I just ran into this issue. I have a VM setup where the root fs is mounted readonly and (therefore) /tmp is mounted as tmpfs with limited amount of space available. There is sufficient space available in /var/tmp though.

I know of at least one big installation where many systems are booted from the same image which is mounted over NFS. In such cases /tmp is mounted as a RAM file system. Though usually in enterprise settings the available RAM is usually enough to provide sufficient space but I guess there may be cases where /tmp is limited in space. However /var/tmp should usually have enough space. Preferring /var/tmp over /tmp might be a good idea.

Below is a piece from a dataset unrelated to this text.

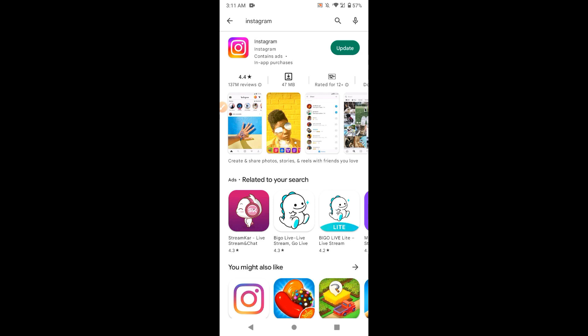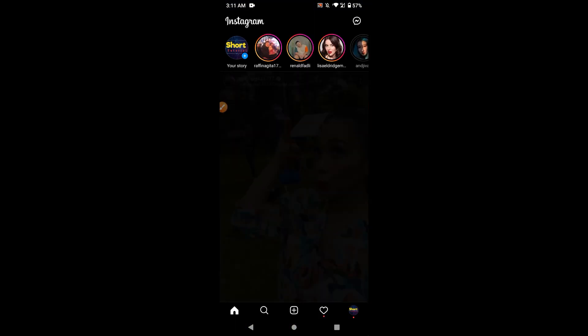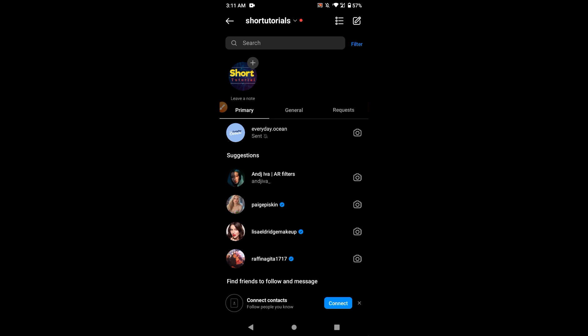After that, go back and you have to open your Instagram. On the right top you will see Messenger. Click on it and you will get the 'Leave a note' option. Simply you have to write any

harendra-kumar on 9 Nov 2015

Unfortunately, ~/.stack is usually NFS for any of our user accounts and thus a lot slower than /tmp/...

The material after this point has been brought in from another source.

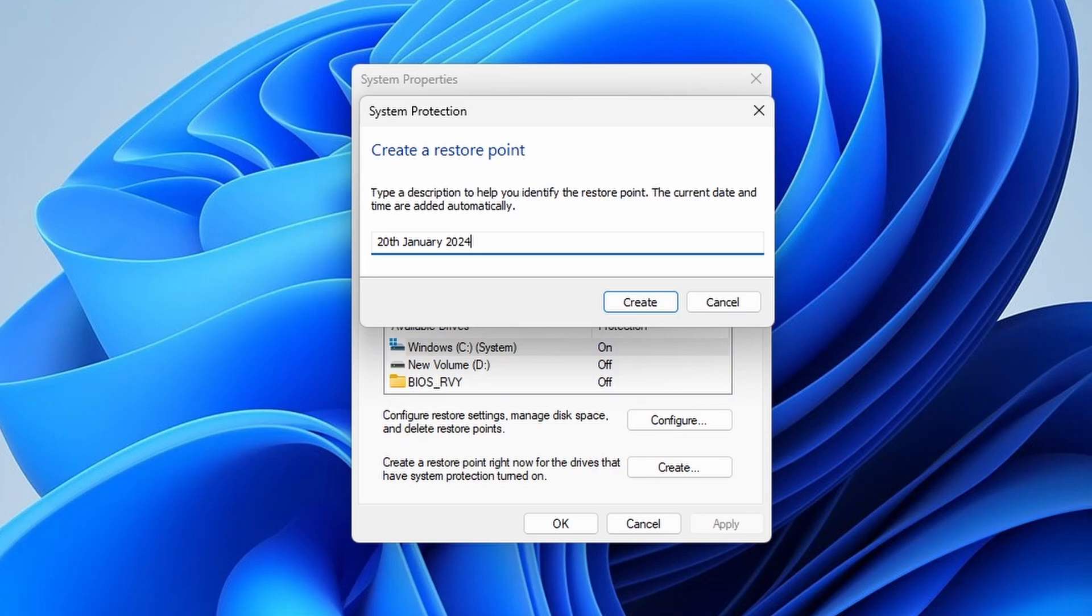Name it whatever you want, normally when you would like to make changes to the system. Once you've named your restore point, click create.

It sounds like there's a strong need for a portable way of finding a tmp directory that's on local disk, not in memory, and not on the network.

rrnewton on 13 Nov 2015

There doesn't seem to be any perfect solution to this, but I think writing big temporary files under ~/.stack is going to be the best default.

Advantages:

/tmp on tmpfs is increasingly common
modern practise is /tmp and /var/tmp recommended only for inter-process communication
no portable solution to find the "best" temporary location for every case, so let's go with the simplest option

Disadvantages:

Will be slower if $HOME is on NFS, but this will only effect stack setup so it won't be a drag on every-day performance
Users with a small quota on $HOME may have trouble, but they already do since ~/.stack gets big fast, so this will only make it happen a bit sooner

We must ensure any error messages about disk space are clear and offer workarounds.

borsboom on 30 Nov 2015

👎1

Sounds good.

Can we first check the amount of space available in a given volume before we try another one? We can try /tmp, $HOME, /var/tmp in that order based on the amount of space available. That way we will be able to try our best and bail out only if it is not at all possible to install. Space check will also allow us to provide a way to gracefully exit with an error message rather than trying and running out of space.

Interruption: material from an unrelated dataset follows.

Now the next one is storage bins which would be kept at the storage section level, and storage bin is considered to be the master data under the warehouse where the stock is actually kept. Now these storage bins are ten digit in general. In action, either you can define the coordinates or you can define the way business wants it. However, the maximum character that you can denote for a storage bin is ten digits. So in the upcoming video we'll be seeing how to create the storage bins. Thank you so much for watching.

harendra-kumar on 30 Nov 2015

Another reason to manage our own tmp directory is that we can make the process invocations in the verbose log copy+pasteable. Currently, some commands don't work due to the temporary files being eagerly deletd. See the first point of https://github.com/commercialhaskell/stack/issues/1596 for more info.

mgsloan on 3 Jan 2016

Note that you need an absolute path e.g. TMPDIR=/home/user/tmp in some instances

maxzinkus on 13 Mar 2016

I've fixed this! The downside is that now there will be dirs leftover that the user will need to cleanup (unless they try to do setup again). This is even the case where stack gets to handle the exceptions, etc. The reason for this is that configure errors + etc say things like Seeconfig.log' for more details` - it's convenient for the user to be able to manually run the command:

2016-08-08-192859_583x115_scrot

mgsloan on 9 Aug 2016

I am now experiencing the exact opposite issue: stack setup fails because there is no space left on the disk that contains $LOCALAPPDATA\Programs\stack, but I have other disks with plenty of space. My home directory is on a small SSD that contains only my operating system and a few critical files. Unfortunately it is not possible on Windows to move the home directory after installation, so I am stuck with $LOCALAPPDATA\Programs\stack living on the small disk.

I tried the following:

Set $STACK_ROOT to be on a different disk. This works fine for most stuff, the index and snapshots are stored there, but not the download.
Set $TMP to a directory on a different disk, as indicated in the FAQ. However, Stack still downloads to $LOCALAPPDATA\Programs\stack.
As a hack, I tried to set $LOCALAPPDATA to a custom temporary directory when running stack setup. This allowed the download to complete, but then Stack went on to actually install GHC in that location, not in $STACK_ROOT.

To be able to support both the original scenario in this issue and the case of a small (or slow for that matter, as mentioned before here too) home directory, it would be nice if the download location were configurable. As there is TMPDIR already, would that be a good way to override the default download location?

And shouldn’t GHC be installed to $STACK_ROOT?